## What is needed
Only text lines belong in the answer: the lines from the first one in the records through the line with "Jeff Hamilton Vegan", copied exactly.

## Records for this exercise
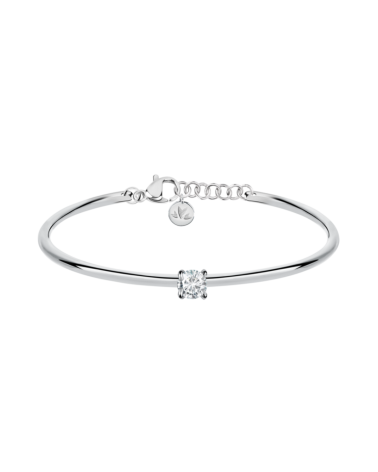 PULSERA RÍGIDA EN ACERO PLATEADO CON CIRCONITA CENTRAL EN GARRA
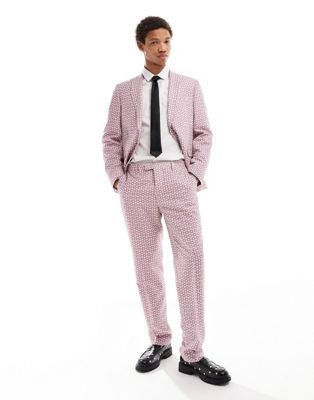 Twisted Tailor floral jacquard pants in mauve Twisted Tailor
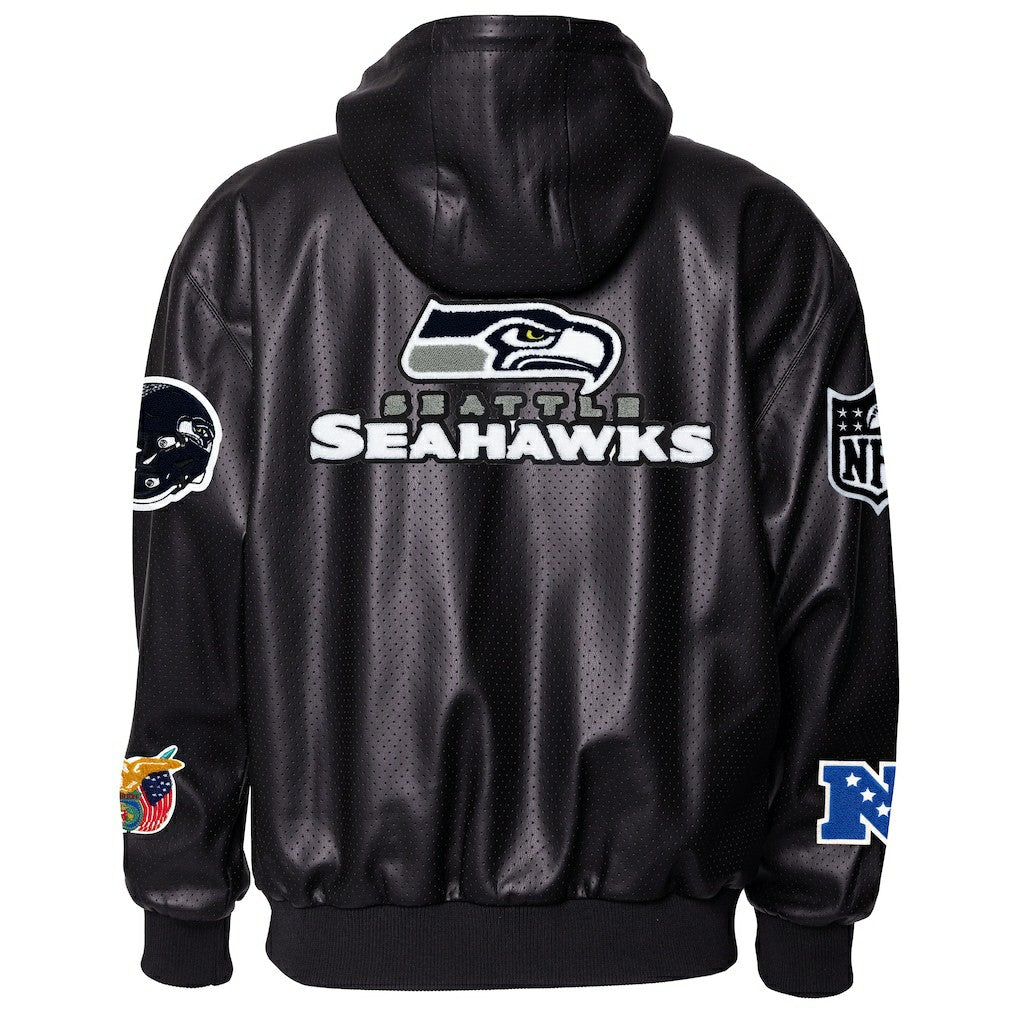 Jeff Hamilton Vegan Leather Full-Zip Hooded Jacket - Seattle Seahawks Jackets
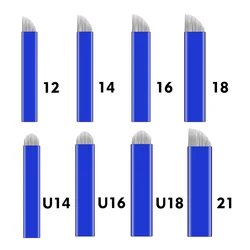 100pcs NANO Blue 0.2mm U SHape 12U 14U 16U 18U Microblading Needles for Permanent Makeup Supplies Manual Eyebrow Blades
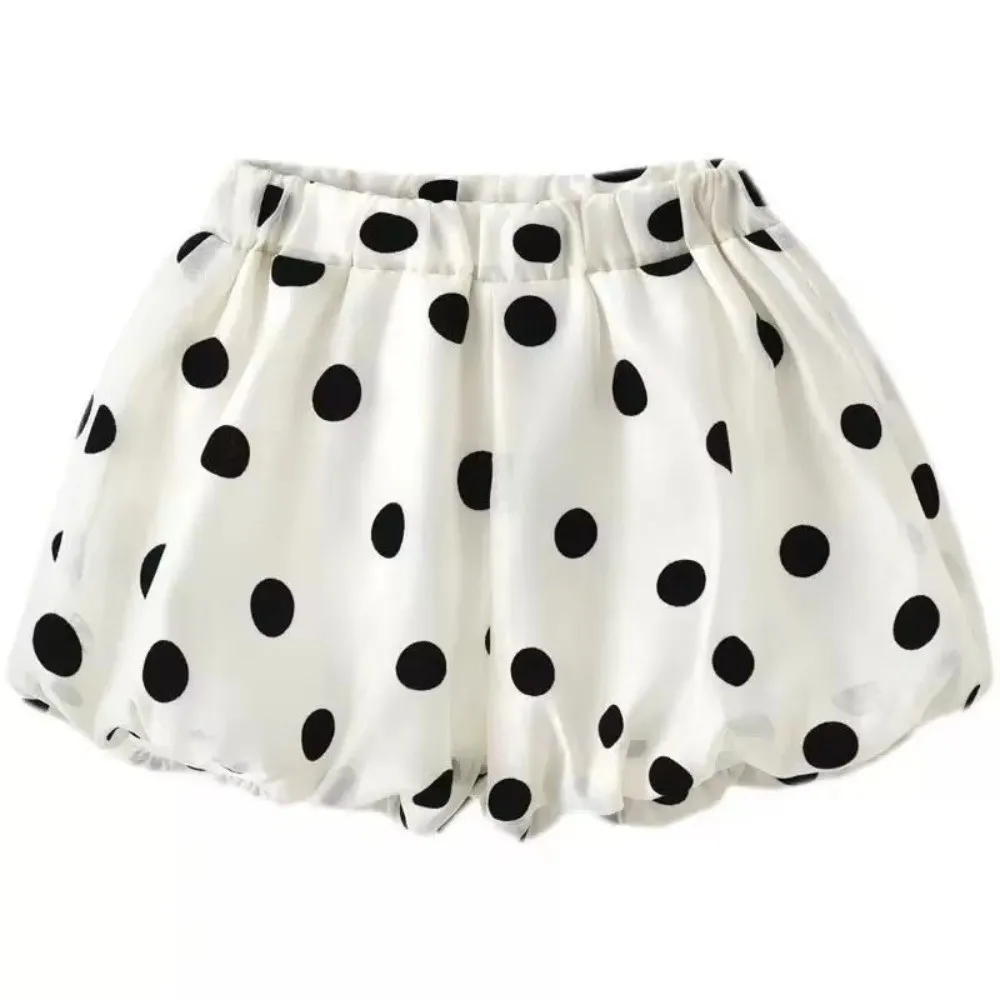 Korean Casual Pants Versatile Big Dots Big Dots Bloomer Elastic Waist Shorts Baby Girl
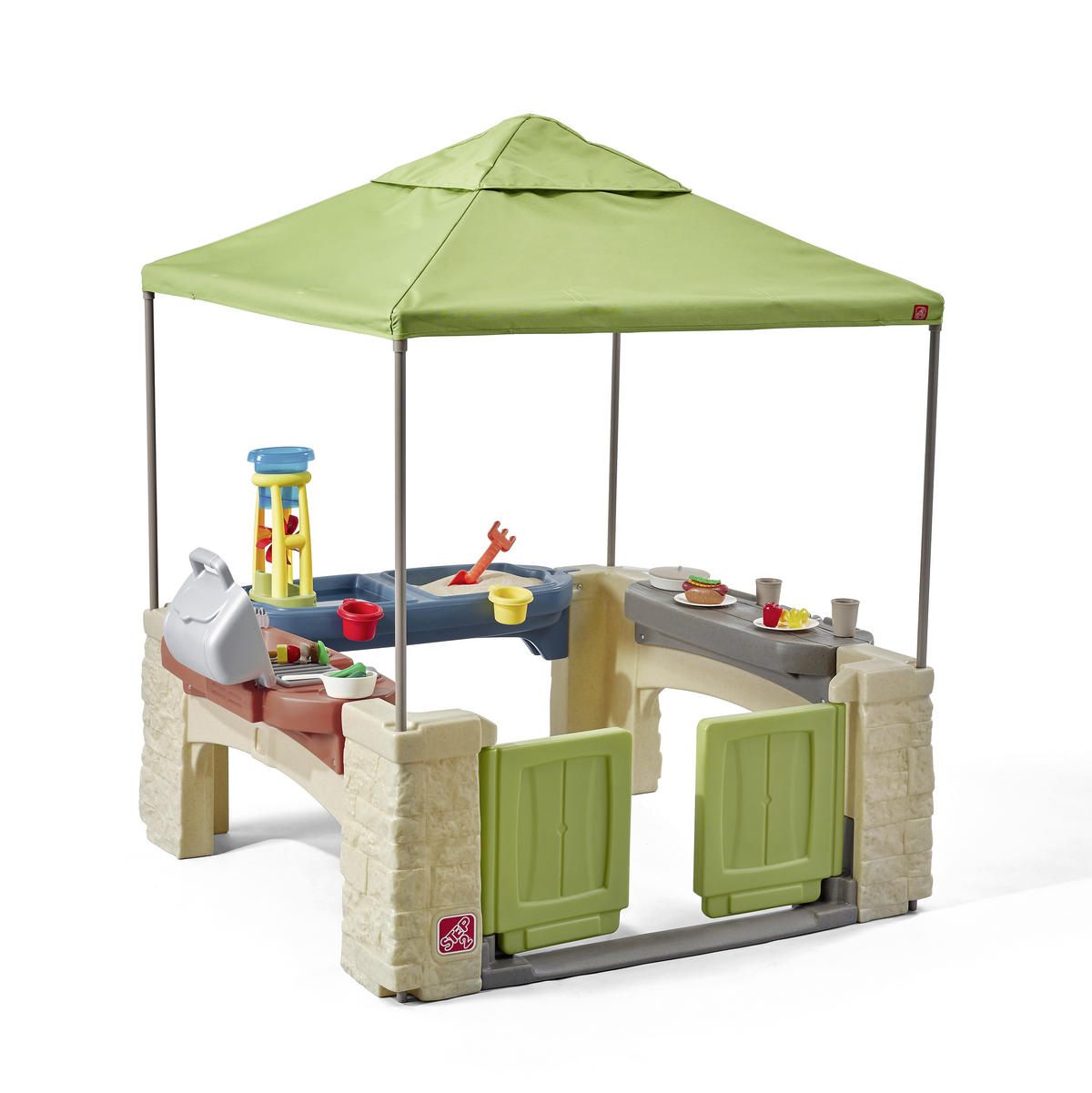 SPIELHAUS 132,8/152,4/137,16 cm SPIELHAUS PATIO 16-TLG.  - Blau/Greige, Basics, Kunststoff/Textil (132,8/152,4/137,16cm) - Ambia Garden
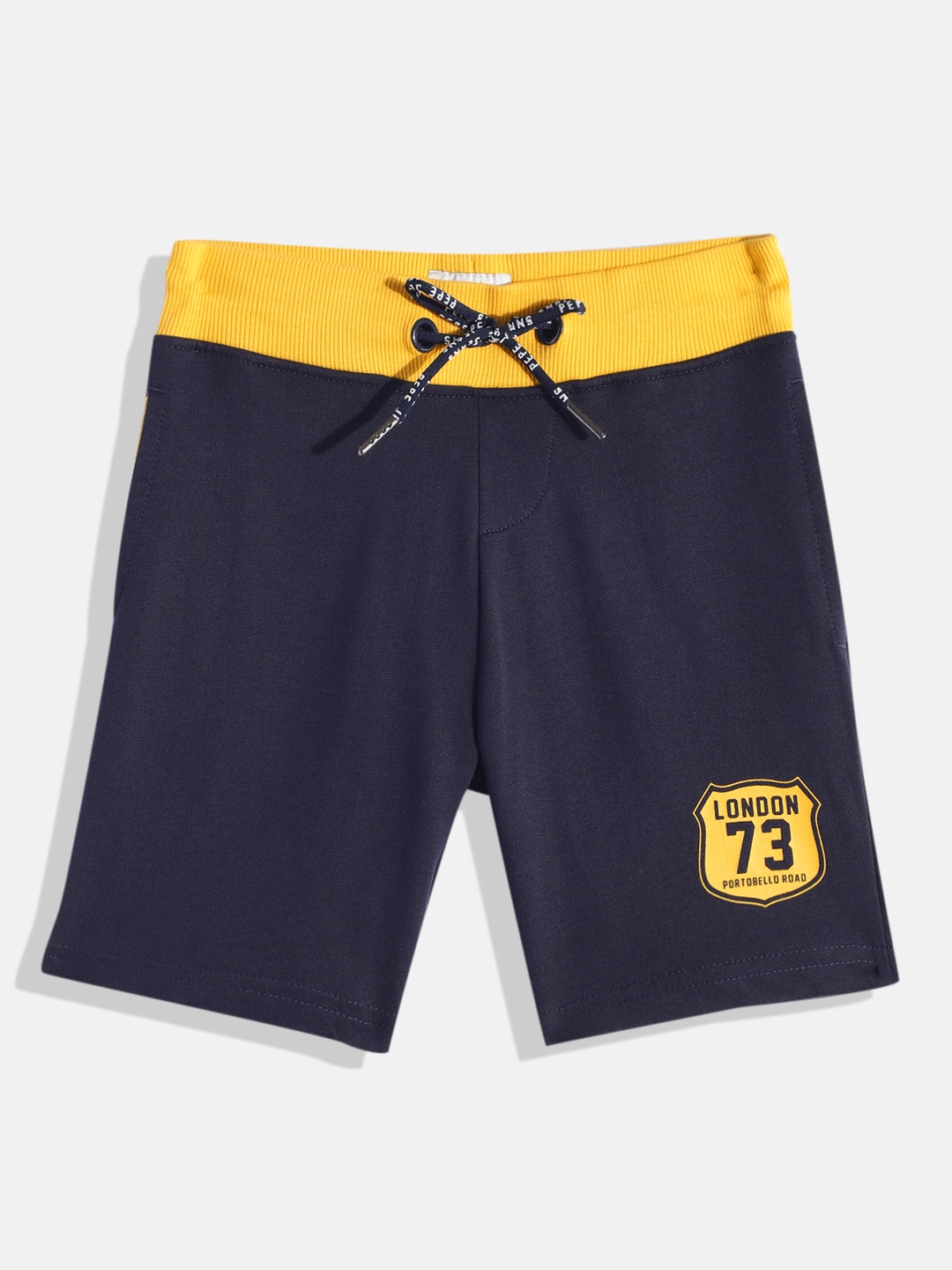 

Pepe Jeans Boys Typography Printed Pure Cotton Shorts, Navy blue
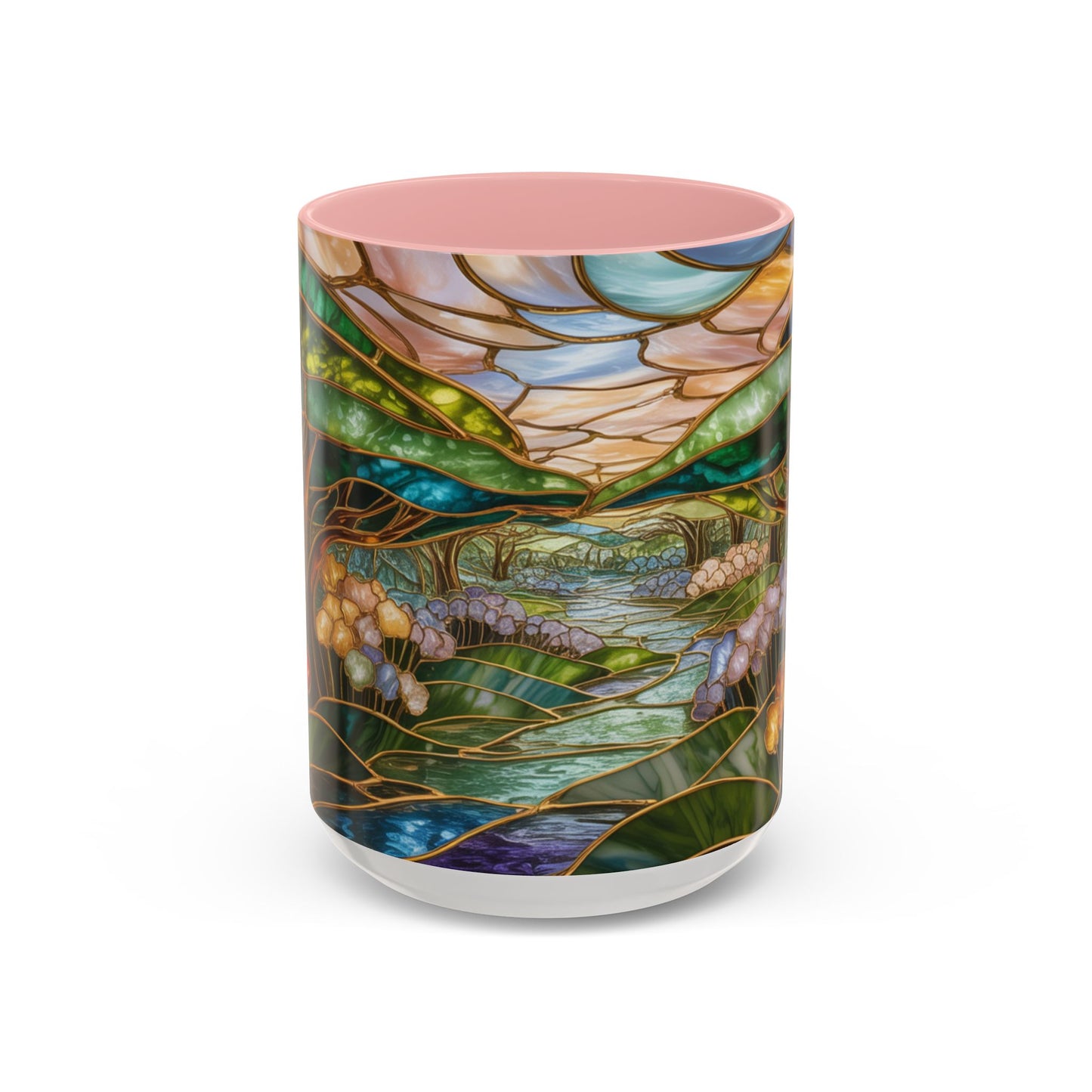 Stained Glass Woodland Forest Mug, Tree & Flowers Coffee Cup, Nature Lover Gift, Artistic Woodland Art Mug, Rustic Home Decor Mug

## Result
 PULSERA RÍGIDA EN ACERO PLATEADO CON CIRCONITA CENTRAL EN GARRA
 Twisted Tailor floral jacquard pants in mauve Twisted Tailor
 Jeff Hamilton Vegan Leather Full-Zip Hooded Jacket - Seattle Seahawks Jackets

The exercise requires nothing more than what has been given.